ASSIGNMENT
Output the entries exactly. Start at the first line, finish with the line containing "The image shows", and omit the pictures.

DATA FOR THE TASK below:

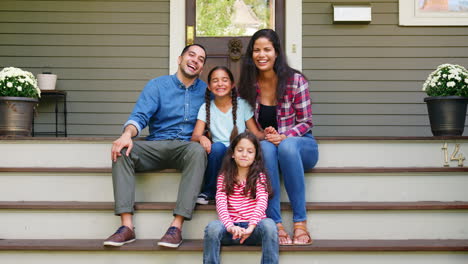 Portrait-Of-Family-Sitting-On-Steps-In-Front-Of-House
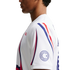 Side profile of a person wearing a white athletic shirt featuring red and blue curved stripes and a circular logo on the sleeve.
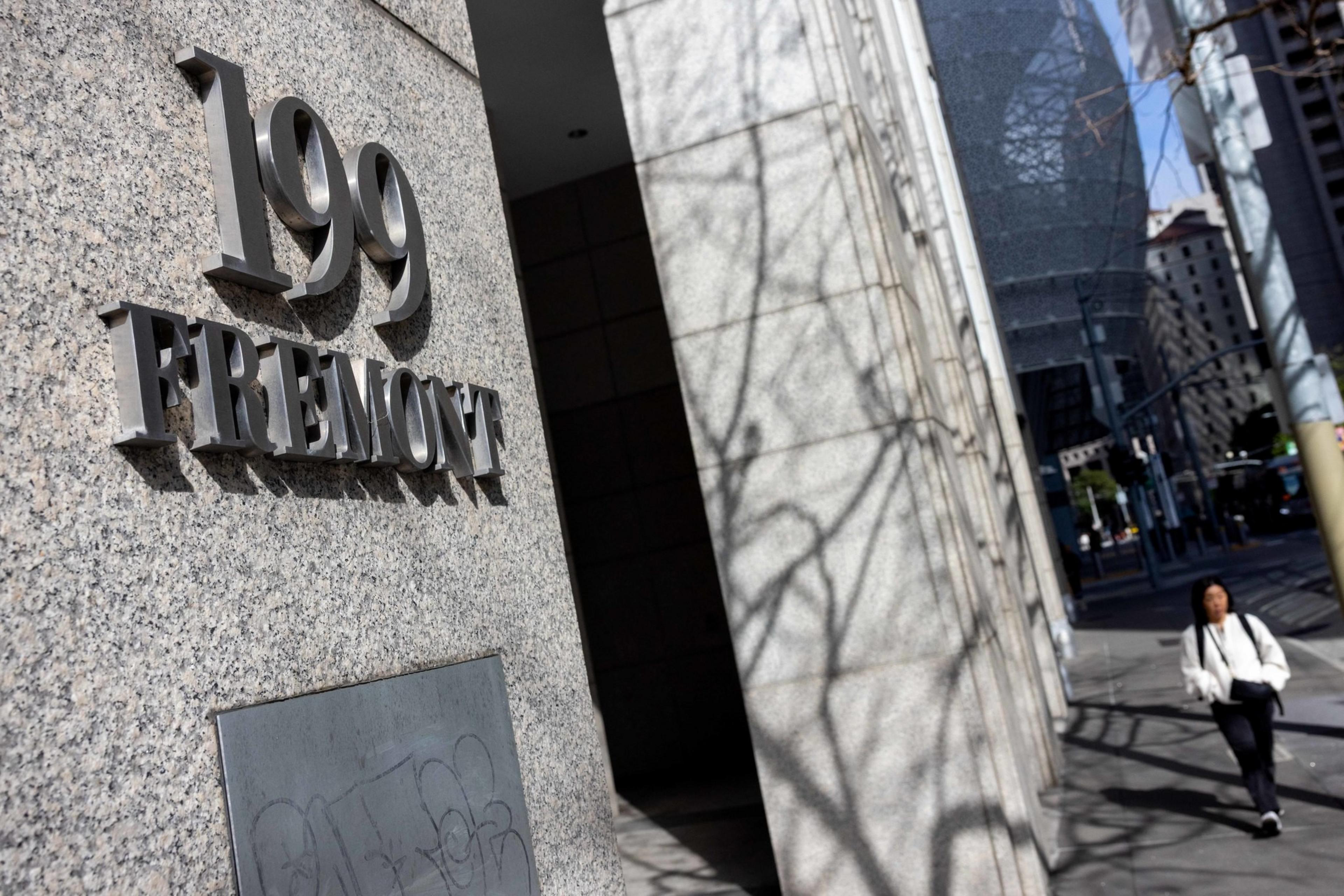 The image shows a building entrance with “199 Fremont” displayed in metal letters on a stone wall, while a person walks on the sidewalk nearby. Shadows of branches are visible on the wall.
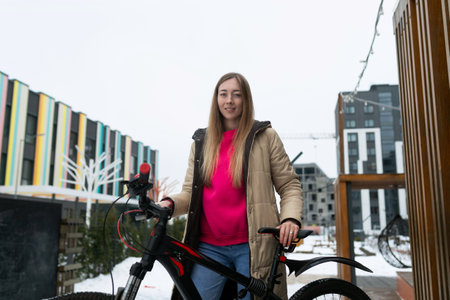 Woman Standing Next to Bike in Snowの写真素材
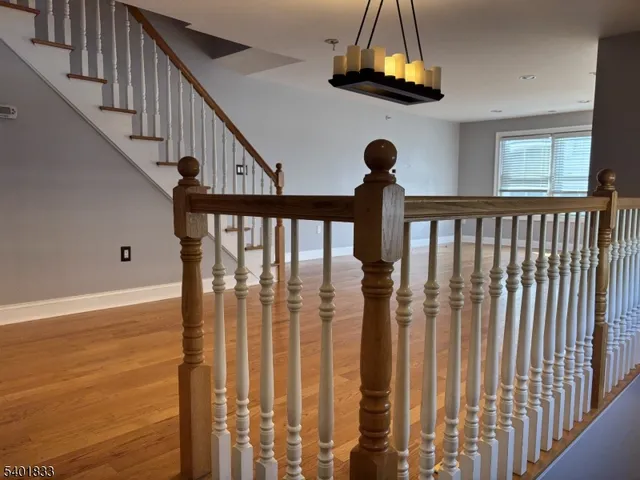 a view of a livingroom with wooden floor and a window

End of DATA FOR THE TASK.

TASK OUTPUT
 Portrait-Of-Family-Sitting-On-Steps-In-Front-Of-House
 Side profile of a person wearing a white athletic shirt featuring red and blue curved stripes and a circular logo on the sleeve.
 The image shows a building entrance with “199 Fremont” displayed in metal letters on a stone wall, while a person walks on the sidewalk nearby. Shadows of branches are visible on the wall.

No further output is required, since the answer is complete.